Shiphp The PHP Developer's Guide

Installing PHP Packages with Docker and Composer

Package management is a method for importing code (often from open source libraries) and keeping dependencies up to date in a software development project. In PHP, we have a couple ways to manage packages, but the dominant choice for modern PHP development is Composer.

While you can install PHP and Composer on your local machine directly, in this tutorial we’ll use Docker, which allows us to run PHP and Composer scripts without configuring either on our system directly. If you haven’t already, you should install Docker for your operating system.

Creating a PHP Timer Script

We are going to write a PHP script that sleeps for between 1 and 3 seconds, then tells us how long it waited. It’s very simple using the PHP Timer package, but we’ll need to import it.

composer.json

Create a new file called composer.json and add the following to it:

{
    "require": {
        "phpunit/php-timer": "^1.0.9"
    }
}

This tells Composer about our dependencies — in this case, just one package — when we run the install command.

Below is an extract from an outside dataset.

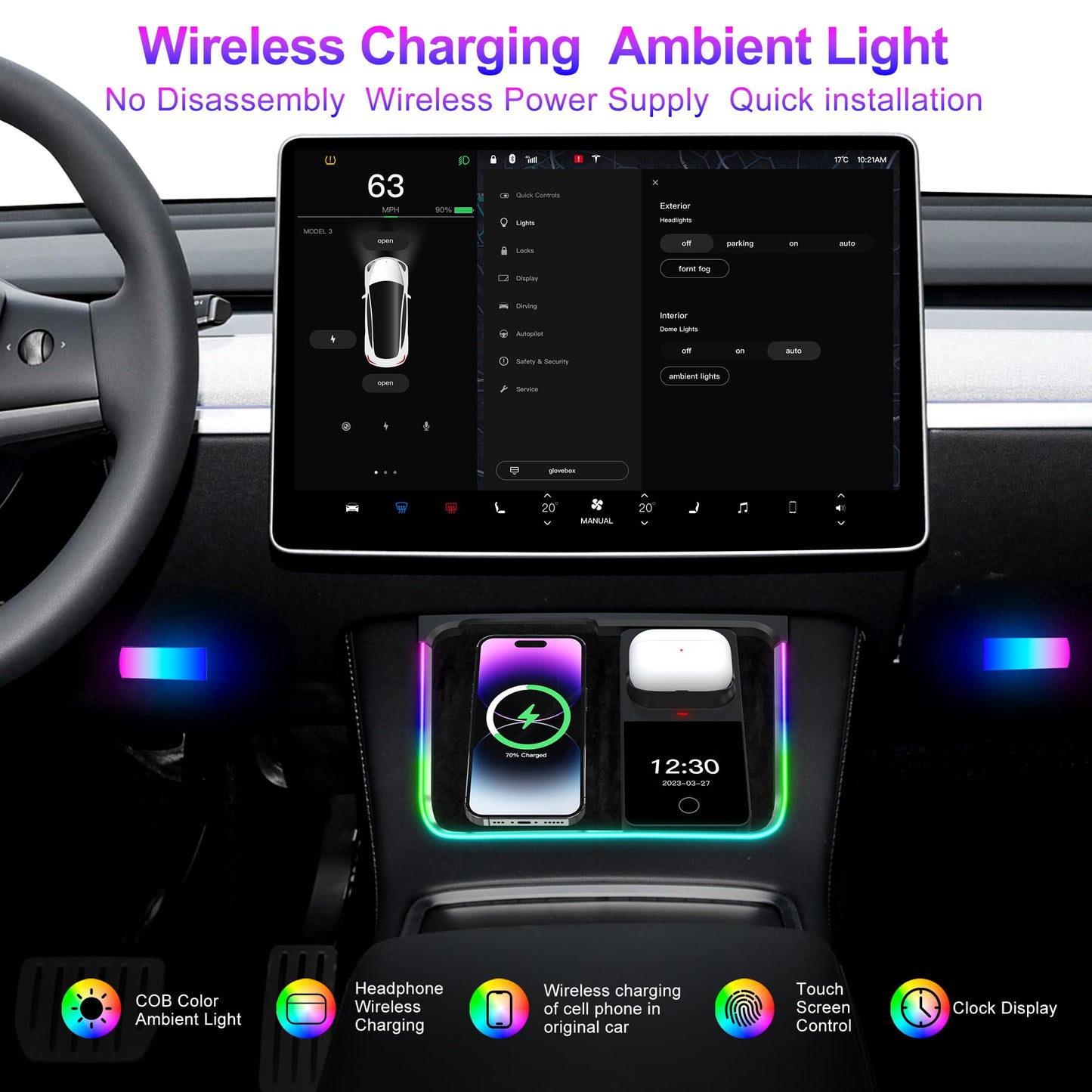 for ModelY/3 Car Interior RGB Neon Ambient Light Support Earphones Wireless Charging, Charge Platform Led Light Bar Left/Right Footwell Lights, Screen Control, Tesla Accessories (Not for 2024 Model3)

Installing the Dependencies

Next, we will install the dependencies using the official Composer Docker image:

docker run --rm -v $(pwd):/app composer/composer:latest install

Let’s look at this docker command and see what’s going on:

Now all the dependencies are installed in a new /vendor folder, but we still have to import them and write our PHP script.

The PHP Script

Our PHP script imports the dependencies that are included in Composer’s vendor/autoload.php file, starts a timer, waits between 1 and 3 seconds, then outputs the final time that the script took to run. This part of the tutorial works the same way whether you use Docker or not. This file should be named index.php:

<?php require('vendor/autoload.php');
\PHP_Timer::start();
sleep(rand(1, 3));
$time = \PHP_Timer::stop();
print \PHP_Timer::secondsToTimeString($time);

Running the PHP Script

Finally, we just need to run the new PHP script we created in another Docker container. This is covered in more detail in our tutorial on running PHP scripts in Docker, but the final command should be:

docker run --rm -v $(pwd):/app -w /app php:cli php index.php

You should see either 1 second, 2 seconds, or 3 seconds on your terminal output.